_Your objective_
Go to the line holding "HomeRoots Spaceships Youthful" in the data below and repeat it exactly, then each line after it up to and including the one holding "A modern living". Omit pictures.

_Dataset records_
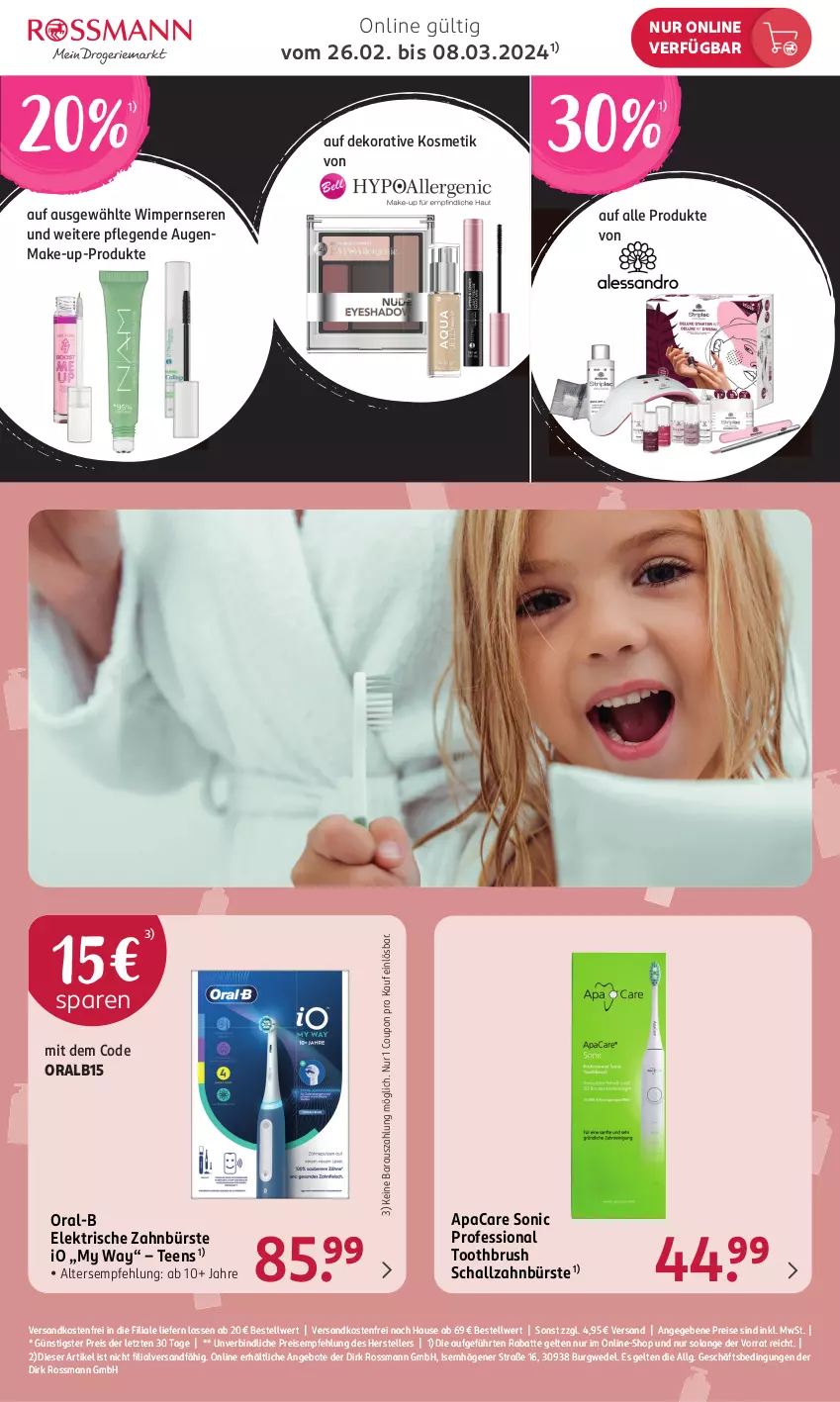 Aktueller Prospekt Rossmann - Prospekte - von 26.02 bis 08.03.2024 - strona 3 - produkty: angebot, angebote, bürste, coupon, eis, elektrische zahnbürste, elle, kosmetik, LG, Make-up, ndk, oral-b, oralb, reis, Schal, schallzahnbürste, tee, teller, Ti, versandkostenfrei, wedel, zahnbürste, ZTE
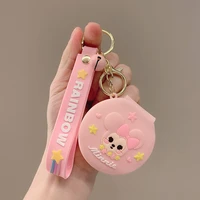 kawaii pink minnie makeup mirror keychain cute cartoon keyring fashion girls bags ornaments accessories
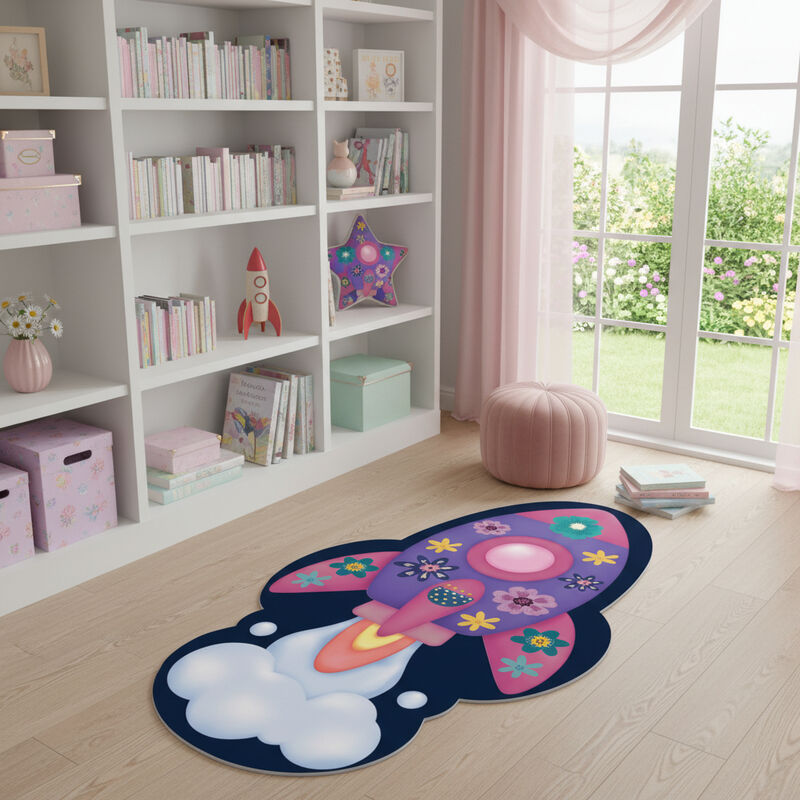 HomeRoots Spaceships Youthful Washable Area Rug image number 1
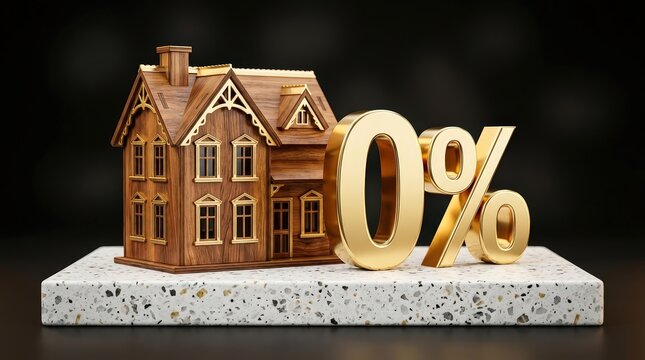 Wooden miniature house model with shiny golden zero percent symbol against dark background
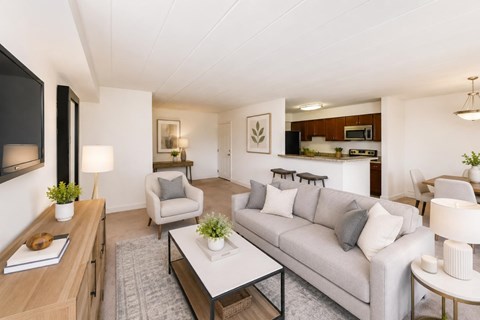 A modern living room with a grey couch and a coffee table.
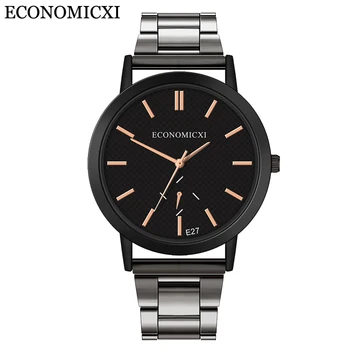 

New Men Watch Luxuty Fashion Simple Mens Wristwatches Stainless Steel Belt Quartz Watches Clock Relojes Para Hombre Male Gift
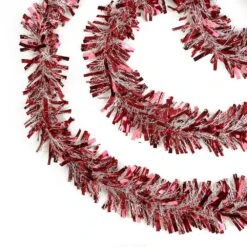 Northlight 50 Ft. Festive Red And White Thick Cut Christmas Tinsel Garland-Unlit-6 Ply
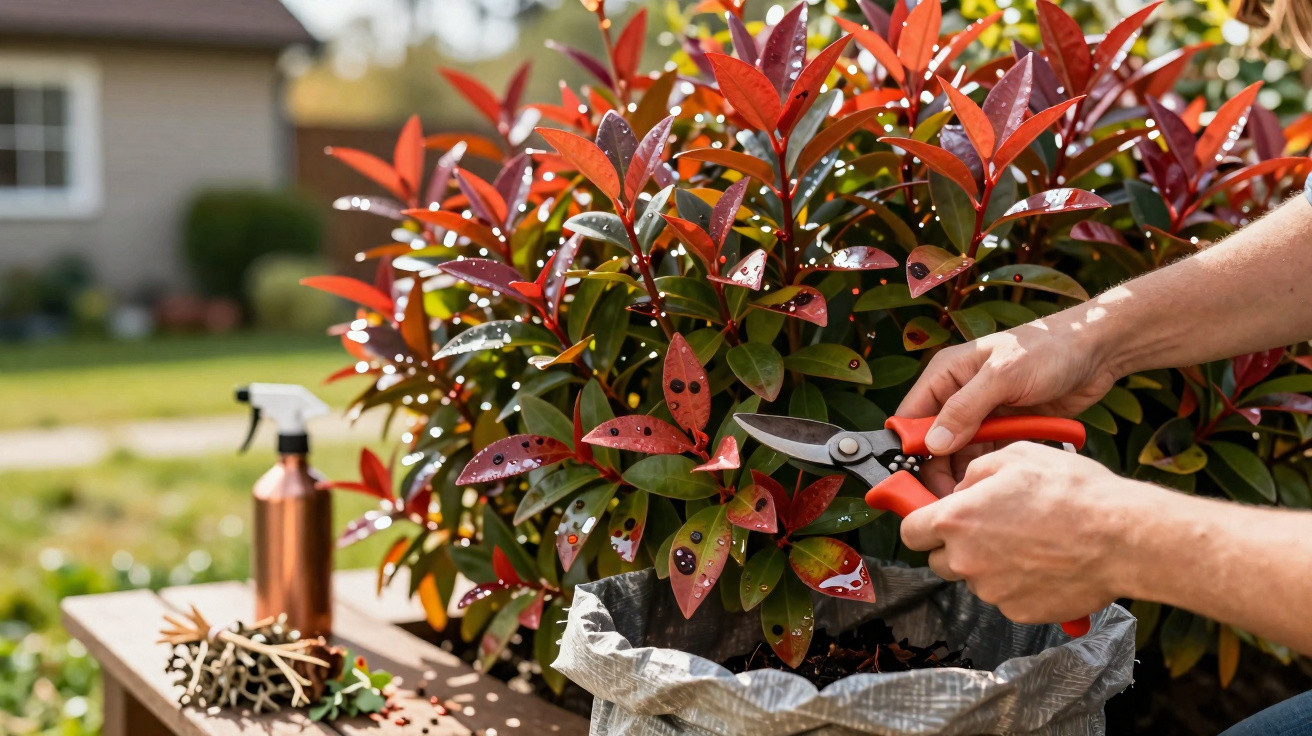 Pessoa podando folhas vermelhas de arbusto com tesoura de jardinagem em jardim ensolarado.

_Written reply_
 HomeRoots Spaceships Youthful Washable Area Rug image number 1
 Wooden miniature house model with shiny golden zero percent symbol against dark background
 A modern living room with a grey couch and a coffee table.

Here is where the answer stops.